WHAT THIS TASK INVOLVES: Working from the records below, repeat exactly the lines starting at the line that contains "Royal Blue Biothane" and ending at the line that contains "Ginásio de Esportes", inclusive.

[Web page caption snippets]
- - -

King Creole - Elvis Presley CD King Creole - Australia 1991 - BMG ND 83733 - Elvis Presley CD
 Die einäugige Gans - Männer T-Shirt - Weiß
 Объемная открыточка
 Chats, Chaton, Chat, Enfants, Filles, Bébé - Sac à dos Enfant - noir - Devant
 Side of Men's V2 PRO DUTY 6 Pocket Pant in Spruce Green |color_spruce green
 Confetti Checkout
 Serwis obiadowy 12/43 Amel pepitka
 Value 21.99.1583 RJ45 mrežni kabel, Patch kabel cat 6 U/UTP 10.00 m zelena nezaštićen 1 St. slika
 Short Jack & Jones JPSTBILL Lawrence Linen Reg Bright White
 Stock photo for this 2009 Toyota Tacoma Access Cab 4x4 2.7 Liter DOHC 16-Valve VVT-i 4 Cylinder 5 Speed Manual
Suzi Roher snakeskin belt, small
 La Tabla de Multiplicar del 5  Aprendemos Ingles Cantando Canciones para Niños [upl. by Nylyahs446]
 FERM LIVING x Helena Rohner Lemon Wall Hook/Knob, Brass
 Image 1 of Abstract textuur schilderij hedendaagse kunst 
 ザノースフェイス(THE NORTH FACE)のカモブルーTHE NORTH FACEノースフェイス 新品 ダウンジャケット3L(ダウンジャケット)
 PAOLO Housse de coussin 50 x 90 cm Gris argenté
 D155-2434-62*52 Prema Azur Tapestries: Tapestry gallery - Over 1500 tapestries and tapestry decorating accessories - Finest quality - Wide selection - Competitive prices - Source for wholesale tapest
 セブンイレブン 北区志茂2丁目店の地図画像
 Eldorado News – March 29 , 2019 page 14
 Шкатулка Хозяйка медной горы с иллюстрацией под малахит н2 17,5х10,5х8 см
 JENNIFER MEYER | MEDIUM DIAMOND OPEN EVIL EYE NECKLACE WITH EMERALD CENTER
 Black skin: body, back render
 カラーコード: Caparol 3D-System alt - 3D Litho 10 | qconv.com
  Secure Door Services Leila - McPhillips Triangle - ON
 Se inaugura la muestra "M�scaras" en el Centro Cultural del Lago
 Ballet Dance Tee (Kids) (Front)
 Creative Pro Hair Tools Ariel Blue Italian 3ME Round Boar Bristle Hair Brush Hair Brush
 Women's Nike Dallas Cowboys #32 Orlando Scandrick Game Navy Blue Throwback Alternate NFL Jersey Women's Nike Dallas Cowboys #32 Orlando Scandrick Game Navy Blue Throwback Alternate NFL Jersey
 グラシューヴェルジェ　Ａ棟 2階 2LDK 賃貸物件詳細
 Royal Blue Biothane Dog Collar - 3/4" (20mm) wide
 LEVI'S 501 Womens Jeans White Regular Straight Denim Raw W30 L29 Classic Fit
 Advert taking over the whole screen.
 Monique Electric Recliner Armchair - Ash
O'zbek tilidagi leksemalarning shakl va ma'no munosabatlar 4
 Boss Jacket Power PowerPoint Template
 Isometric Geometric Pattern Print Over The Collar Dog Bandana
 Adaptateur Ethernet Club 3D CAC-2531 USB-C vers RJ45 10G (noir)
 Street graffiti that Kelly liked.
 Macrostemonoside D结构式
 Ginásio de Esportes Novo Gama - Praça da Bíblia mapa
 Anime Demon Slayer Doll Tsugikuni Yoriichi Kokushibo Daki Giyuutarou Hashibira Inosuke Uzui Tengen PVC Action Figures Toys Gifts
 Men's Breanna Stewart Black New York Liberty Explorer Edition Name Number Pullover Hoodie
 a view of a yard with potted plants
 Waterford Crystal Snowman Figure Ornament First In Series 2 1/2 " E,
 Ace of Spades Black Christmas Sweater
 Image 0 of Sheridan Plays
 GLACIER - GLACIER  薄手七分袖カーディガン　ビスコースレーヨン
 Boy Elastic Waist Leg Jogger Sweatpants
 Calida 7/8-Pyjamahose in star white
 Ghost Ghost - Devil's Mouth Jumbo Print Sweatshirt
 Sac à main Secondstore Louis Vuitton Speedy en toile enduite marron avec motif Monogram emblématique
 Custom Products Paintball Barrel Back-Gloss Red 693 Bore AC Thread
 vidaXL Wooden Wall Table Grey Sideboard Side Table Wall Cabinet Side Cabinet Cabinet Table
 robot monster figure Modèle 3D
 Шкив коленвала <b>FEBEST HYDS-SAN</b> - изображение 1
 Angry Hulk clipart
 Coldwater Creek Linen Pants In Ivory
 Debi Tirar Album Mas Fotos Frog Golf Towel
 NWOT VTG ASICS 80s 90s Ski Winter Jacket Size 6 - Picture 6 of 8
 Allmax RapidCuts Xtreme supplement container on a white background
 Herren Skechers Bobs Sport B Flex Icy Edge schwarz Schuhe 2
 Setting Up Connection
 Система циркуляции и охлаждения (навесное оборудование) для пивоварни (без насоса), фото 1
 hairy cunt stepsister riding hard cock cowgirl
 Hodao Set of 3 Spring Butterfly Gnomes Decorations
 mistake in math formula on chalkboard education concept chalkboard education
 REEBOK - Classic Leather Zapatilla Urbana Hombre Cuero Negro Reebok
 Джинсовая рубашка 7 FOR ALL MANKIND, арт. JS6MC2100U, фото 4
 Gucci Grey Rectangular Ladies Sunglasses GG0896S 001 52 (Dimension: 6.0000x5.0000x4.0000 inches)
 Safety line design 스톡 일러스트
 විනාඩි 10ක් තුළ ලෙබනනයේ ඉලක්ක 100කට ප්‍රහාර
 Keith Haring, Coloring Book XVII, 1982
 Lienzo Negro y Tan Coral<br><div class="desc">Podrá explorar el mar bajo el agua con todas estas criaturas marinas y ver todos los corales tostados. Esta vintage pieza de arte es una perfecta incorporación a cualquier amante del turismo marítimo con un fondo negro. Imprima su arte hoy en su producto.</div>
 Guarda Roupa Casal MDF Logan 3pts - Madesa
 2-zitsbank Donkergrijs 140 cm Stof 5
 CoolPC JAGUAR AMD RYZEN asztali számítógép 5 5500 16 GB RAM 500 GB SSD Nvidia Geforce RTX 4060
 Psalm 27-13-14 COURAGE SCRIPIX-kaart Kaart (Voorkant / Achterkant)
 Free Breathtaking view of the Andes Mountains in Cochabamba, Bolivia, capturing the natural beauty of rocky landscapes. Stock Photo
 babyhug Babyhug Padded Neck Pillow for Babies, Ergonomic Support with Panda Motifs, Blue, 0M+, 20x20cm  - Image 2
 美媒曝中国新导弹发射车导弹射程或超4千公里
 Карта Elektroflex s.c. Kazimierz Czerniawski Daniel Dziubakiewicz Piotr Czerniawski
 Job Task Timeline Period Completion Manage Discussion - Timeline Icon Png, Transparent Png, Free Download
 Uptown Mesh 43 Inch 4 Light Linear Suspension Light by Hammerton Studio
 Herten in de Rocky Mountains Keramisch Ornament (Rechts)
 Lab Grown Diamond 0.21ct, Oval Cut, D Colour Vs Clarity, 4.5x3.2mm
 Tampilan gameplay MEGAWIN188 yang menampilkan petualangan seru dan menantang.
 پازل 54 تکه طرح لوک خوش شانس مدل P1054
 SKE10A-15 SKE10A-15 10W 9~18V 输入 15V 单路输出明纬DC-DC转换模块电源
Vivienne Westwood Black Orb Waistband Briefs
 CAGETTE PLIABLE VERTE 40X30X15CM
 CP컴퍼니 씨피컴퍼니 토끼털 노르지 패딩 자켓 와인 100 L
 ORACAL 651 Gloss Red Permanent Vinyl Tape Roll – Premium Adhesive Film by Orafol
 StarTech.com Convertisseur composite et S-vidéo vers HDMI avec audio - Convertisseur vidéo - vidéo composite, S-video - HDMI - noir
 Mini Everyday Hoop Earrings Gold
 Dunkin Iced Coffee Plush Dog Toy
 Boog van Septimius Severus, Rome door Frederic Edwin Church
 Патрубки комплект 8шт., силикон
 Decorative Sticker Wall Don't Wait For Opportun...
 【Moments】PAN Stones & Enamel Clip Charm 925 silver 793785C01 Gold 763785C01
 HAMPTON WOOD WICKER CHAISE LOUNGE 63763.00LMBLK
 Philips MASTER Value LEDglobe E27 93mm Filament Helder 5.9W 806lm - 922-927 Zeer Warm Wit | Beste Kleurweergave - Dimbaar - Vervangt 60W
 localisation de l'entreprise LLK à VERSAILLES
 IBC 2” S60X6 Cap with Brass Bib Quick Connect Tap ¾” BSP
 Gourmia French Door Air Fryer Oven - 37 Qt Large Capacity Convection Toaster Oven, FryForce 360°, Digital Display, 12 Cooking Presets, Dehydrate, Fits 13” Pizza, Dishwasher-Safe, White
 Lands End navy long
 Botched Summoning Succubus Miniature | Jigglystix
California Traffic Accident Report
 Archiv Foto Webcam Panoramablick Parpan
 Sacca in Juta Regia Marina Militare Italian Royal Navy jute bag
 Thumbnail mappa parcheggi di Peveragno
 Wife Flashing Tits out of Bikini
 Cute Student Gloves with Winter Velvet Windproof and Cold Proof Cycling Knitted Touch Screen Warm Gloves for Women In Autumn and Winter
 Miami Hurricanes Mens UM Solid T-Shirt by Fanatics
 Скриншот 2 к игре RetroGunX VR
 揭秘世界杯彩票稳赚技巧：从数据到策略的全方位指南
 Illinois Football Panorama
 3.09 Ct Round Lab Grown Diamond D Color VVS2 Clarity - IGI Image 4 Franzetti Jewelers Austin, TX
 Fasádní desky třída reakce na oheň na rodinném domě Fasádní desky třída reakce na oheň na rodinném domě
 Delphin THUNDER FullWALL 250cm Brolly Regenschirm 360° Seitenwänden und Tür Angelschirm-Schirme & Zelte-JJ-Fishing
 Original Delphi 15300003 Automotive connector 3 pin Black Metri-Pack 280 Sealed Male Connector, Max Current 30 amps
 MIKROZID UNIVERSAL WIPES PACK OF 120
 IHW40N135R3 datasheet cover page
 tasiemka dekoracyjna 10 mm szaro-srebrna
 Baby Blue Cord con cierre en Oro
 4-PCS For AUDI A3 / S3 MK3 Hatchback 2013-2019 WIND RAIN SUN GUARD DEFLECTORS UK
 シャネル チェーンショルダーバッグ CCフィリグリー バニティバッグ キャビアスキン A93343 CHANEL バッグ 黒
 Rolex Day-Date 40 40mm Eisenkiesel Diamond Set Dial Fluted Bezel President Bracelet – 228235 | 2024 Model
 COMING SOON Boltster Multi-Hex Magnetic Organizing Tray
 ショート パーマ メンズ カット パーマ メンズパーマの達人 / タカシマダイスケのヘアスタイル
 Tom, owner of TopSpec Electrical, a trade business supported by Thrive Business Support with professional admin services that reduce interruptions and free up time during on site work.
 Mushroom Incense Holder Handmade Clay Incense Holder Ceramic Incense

- - -

WRITTEN SOLUTION:
 Royal Blue Biothane Dog Collar - 3/4" (20mm) wide
 LEVI'S 501 Womens Jeans White Regular Straight Denim Raw W30 L29 Classic Fit
 Advert taking over the whole screen.
 Monique Electric Recliner Armchair - Ash
O'zbek tilidagi leksemalarning shakl va ma'no munosabatlar 4
 Boss Jacket Power PowerPoint Template
 Isometric Geometric Pattern Print Over The Collar Dog Bandana
 Adaptateur Ethernet Club 3D CAC-2531 USB-C vers RJ45 10G (noir)
 Street graffiti that Kelly liked.
 Macrostemonoside D结构式
 Ginásio de Esportes Novo Gama - Praça da Bíblia mapa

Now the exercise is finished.